From: Bjorn Helgaas on
Oops, I added Yinghai to the CC: list, but I forgot to add
linux-pci(a)vger.kernel.org. Please add that on any future replies.
--
To unsubscribe from this list: send the line "unsubscribe linux-kernel" in
the body of a message to majordomo(a)vger.kernel.org
More majordomo info at http://vger.kernel.org/majordomo-info.html
Please read the FAQ at http://www.tux.org/lkml/
From: Bjorn Helgaas on
On Wednesday, May 12, 2010 12:14:32 pm Mike Travis wrote:
> Subject: [Patch 1/1] x86 pci: Add option to not assign BAR's if not already assigned
> From: Mike Habeck <habeck(a)sgi.com>
>
> The Linux kernel assigns BARs that a BIOS did not assign, most likely
> to handle broken BIOSes that didn't enumerate the devices correctly.
> On UV the BIOS purposely doesn't assign I/O BARs for certain devices/
> drivers we know don't use them (examples, LSI SAS, Qlogic FC, ...).
> We purposely don't assign these I/O BARs because I/O Space is a very
> limited resource. There is only 64k of I/O Space, and in a PCIe
> topology that space gets divided up into 4k chucks (this is due to
> the fact that a pci-to-pci bridge's I/O decoder is aligned at 4k)...
> Thus a system can have at most 16 cards with I/O BARs: (64k / 4k = 16)
>
> SGI needs to scale to >16 devices with I/O BARs. So by not assigning
> I/O BARs on devices we know don't use them, we can do that (iff the
> kernel doesn't go and assign these BARs that the BIOS purposely didn't
> assign).

I don't quite understand this part. If you boot with "pci=nobar",
the BIOS doesn't assign BARs, Linux doesn't either, the drivers
don't need them -- everything works, and that makes sense so far.
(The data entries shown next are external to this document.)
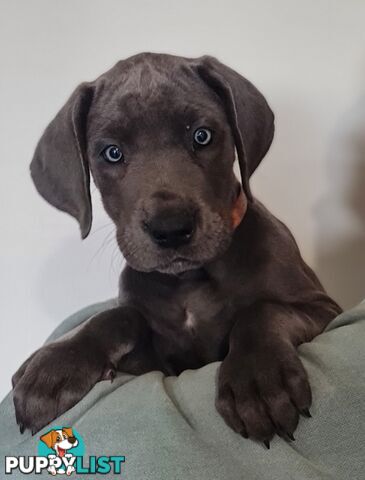 Great dane puppies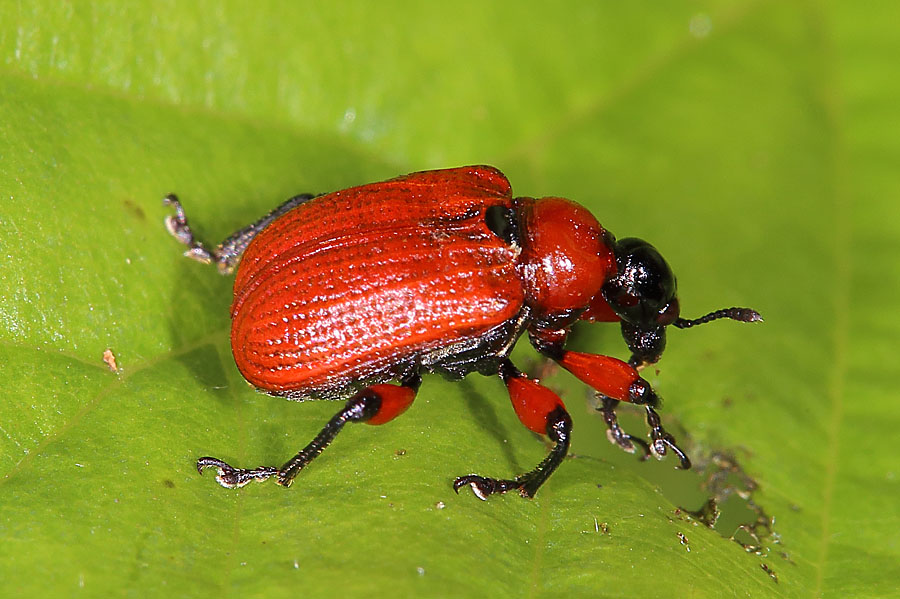 Apoderus coryli - Haselblattroller, Käfer auf Blatt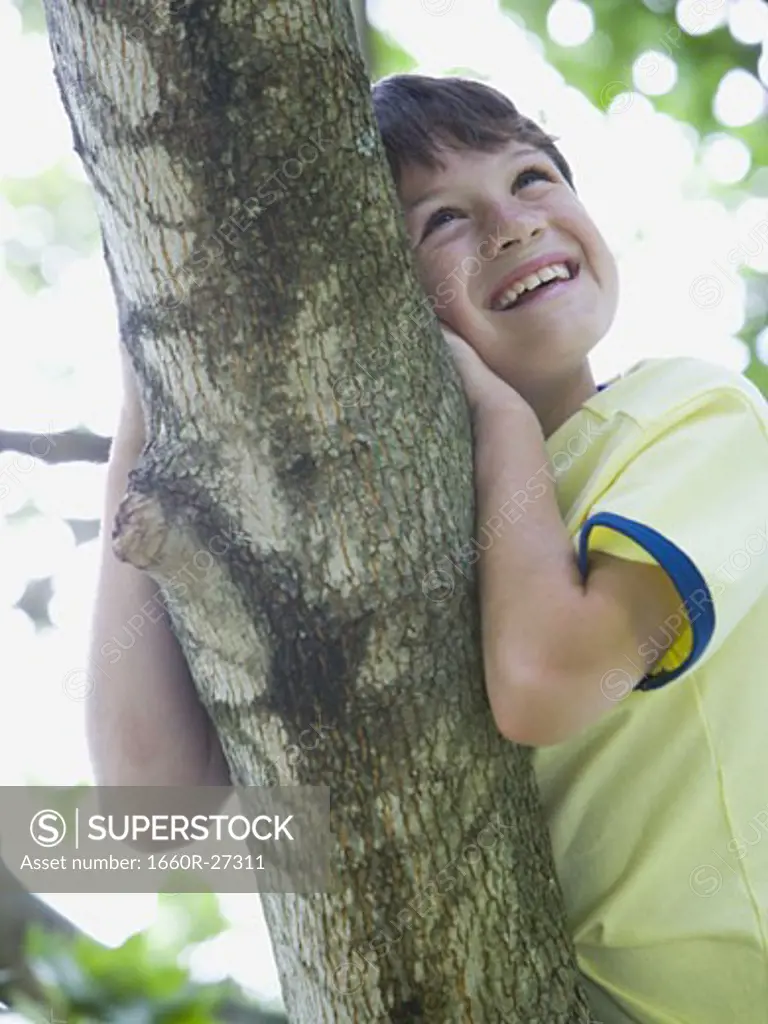 Low angle view of a boy lying on the branch of a tree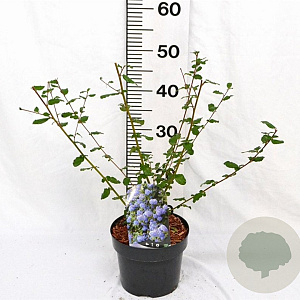 Ceanothus 'Burkwoodii' 30-40 cm 3,0L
Now, if you boot normally (without "pci=nobar"), what changes?
The BIOS situation is the same, but Linux tries to assign the
unassigned BARs. It may assign a few before running out of space,
but the drivers still don't need those BARs. What breaks?

> This patch will not assign a resource to a device BAR if that BAR was
> not assigned by the BIOS, and the kernel cmdline option 'pci=nobar'
> was specified. This patch is closely modeled after the 'pci=norom'
> option that currently exists in the tree.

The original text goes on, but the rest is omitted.